Single by Gary Low

from the album Go On
- B-side: "I Want You (Instrumental)"
- Released: 1983
- Genre: Synth-pop
- Length: 3:38
- Label: CAT
- Songwriters: Gary Low; Paul Micioni; Massimiliano Di Carlo; Robert Masala;
- Producers: Paul Micioni; Peter Micioni;

Gary Low singles chronology
| "You Are a Danger" (1982) | "I Want You" (1983) | "Forever, Tonight and All My Life" (1983) |

= I Want You (Gary Low song) =

1983 single by Gary Low

"I Want You" is a song by Italian singer-songwriter Gary Low from his debut studio album, Go On (1983). It was a hit in Spain, reaching No. 4 on the Spanish chart. In Germany, the song made the top 40, peaking at No. 37. In the UK, the song reached No. 52. "I Want You" is one of Low's most popular songs, alongside his 1982 debut hit "You Are a Danger" and 1984's "La Colegiala".

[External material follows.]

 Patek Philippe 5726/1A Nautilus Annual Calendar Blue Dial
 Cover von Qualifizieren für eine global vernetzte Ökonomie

== Track listing and formats ==
- Italian 7-inch single

A. "I Want You" (Vocal) – 3:38
B. "I Want You" (Instrumental) – 4:20

== Charts ==

Weekly chart performance for "I Want You"
| Chart (1983) | Peak position |
|---|---|
| Spain (AFYVE) | 4 |
| UK Singles (Official Charts) | 52 |
| West Germany (GfK) | 37 |

== Certifications and sales ==

Certifications and sales for "I Want You"
| Region | Certification | Certified units/sales |
| Spain (Promusicae) | Gold | 25,000^{^} |
^{^} Shipments figures based on certification alone.

== Samples ==
"I Want You" has been sampled on several songs such as "How We Are" by Dimitri & Tom (2001), "In My Eyes" by Sinema (2002), "The Beach" by Miss Kittin & The Hacker (2003), and on "Feel It All Around" by Washed Out (2009) which was used as the opening theme song of the television series Portlandia.

== Appearances in media ==
"I Want You" can be heard during a scene in the 1985 VIVA film Working Boys which stars Tito, Vic & Joey and Herbert Bautista.